Por nuestro bautismo nos hemos revestido, como una cuestión de profesión, de Cristo. Si nos hubiéramos sometido a la circuncisión, nos habríamos revestido de judaísmo y, por lo tanto, nos habríamos comprometido a cumplir la ley para la justificación. Si hubiéramos sido bautizados en el bautismo de Juan, nos habríamos puesto el manto del arrepentimiento profesado y nos habríamos comprometido a creer en Aquel que vendría después de él.
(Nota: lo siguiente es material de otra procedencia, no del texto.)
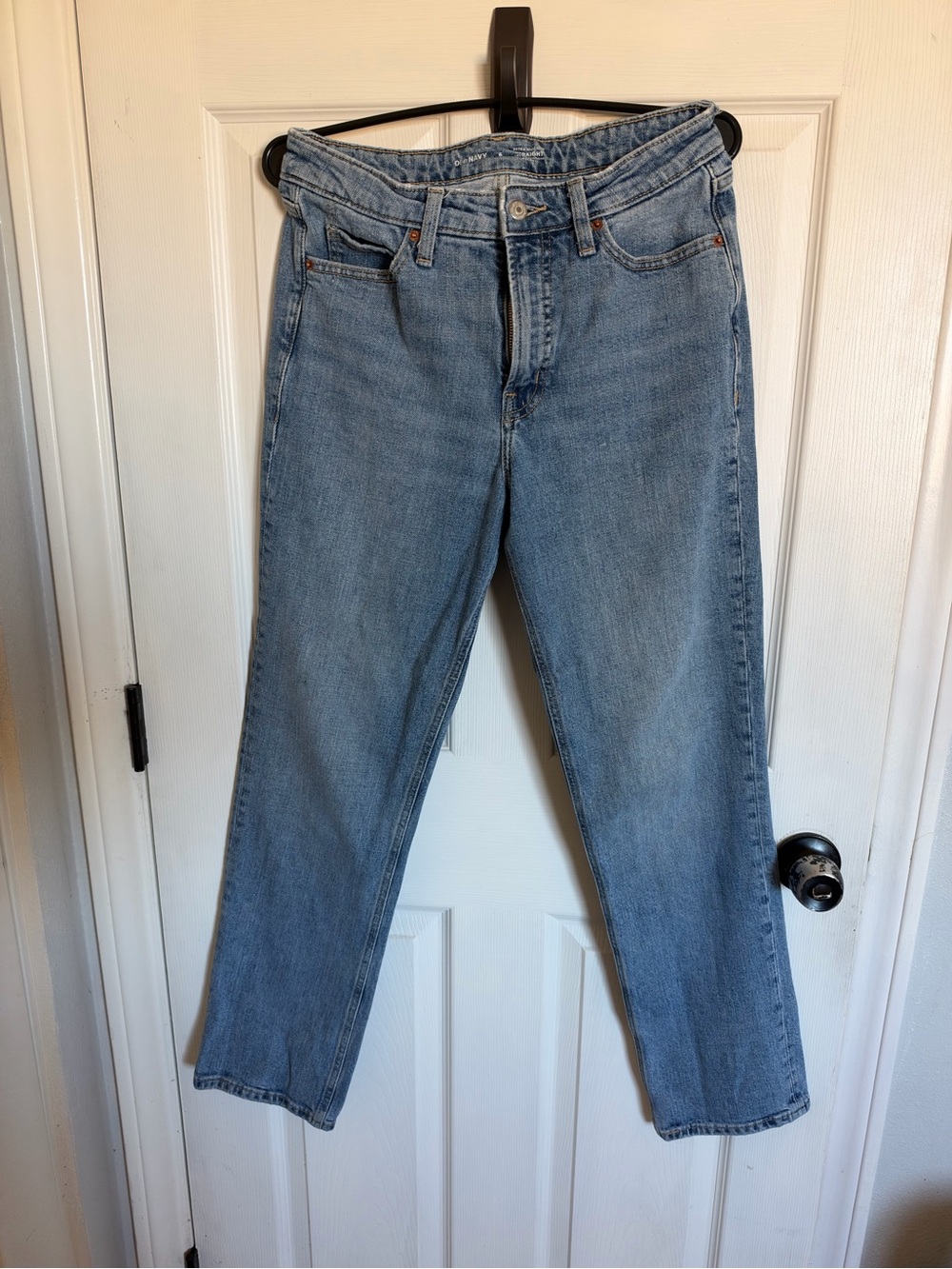 Old Navy Straight-Leg Women's Jeans in Light Blue Wash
Tal como están las cosas, si hemos sido bautizados en Cristo, nos hemos revestido de Cristo y nos hemos comprometido con esa expresión práctica de la vida de Cristo de la que en el capítulo siguiente se habla como “el fruto del Espíritu” (cap. 5:22). Como hijos de Dios, teniendo ahora la libertad de la casa, nos vestimos de Cristo como nuestra aptitud para estar allí.
Además, estamos “en Cristo Jesús” (cap. 2:4) y, por consiguiente, somos “todos uno”, con todas las distinciones borradas, ya sean nacionales, sociales o naturales. Cuando lleguemos al último capítulo encontraremos que en Cristo Jesús hay una nueva creación, lo cual explica la eliminación de todas las distinciones que pertenecían a la antigua creación. Esta nueva obra de creación ya nos ha llegado en cuanto a nuestras almas, aunque todavía no en cuanto a nuestros cuerpos. Por lo tanto, todavía no podemos ocuparnos de estas cosas de una manera absoluta. Para eso debemos esperar hasta que seamos revestidos con nuestros cuerpos de gloria en la venida del Señor. Aun ahora estamos en Cristo Jesús, y por lo tanto podemos aprender a vernos unos a otros aparte de estas distinciones y como elevados por encima de ellas.
Notemos que lo que se enseña aquí es la abolición de estas distinciones en Cristo Jesús, y no en la asamblea. Decimos esto para salvaguardar el punto y preservarlo de conceptos erróneos. En la asamblea, por ejemplo, la distinción entre varón y mujer se mantiene muy definidamente, como se muestra en 1 Corintios 14:34-35.
Ya hemos tenido tres cosas que marcan al creyente de hoy en día en contraposición de los creyentes antes de la venida de Cristo. Somos “hijos de Dios”; nos hemos “revestido de Cristo”; estamos “en Cristo Jesús” (cap. 2:4). El último versículo de nuestro capítulo nos da una cuarta cosa: somos “de Cristo”, y perteneciéndole somos en un sentido espiritual la simiente de Abraham, y por consiguiente herederos, no según la ley, sino según la promesa.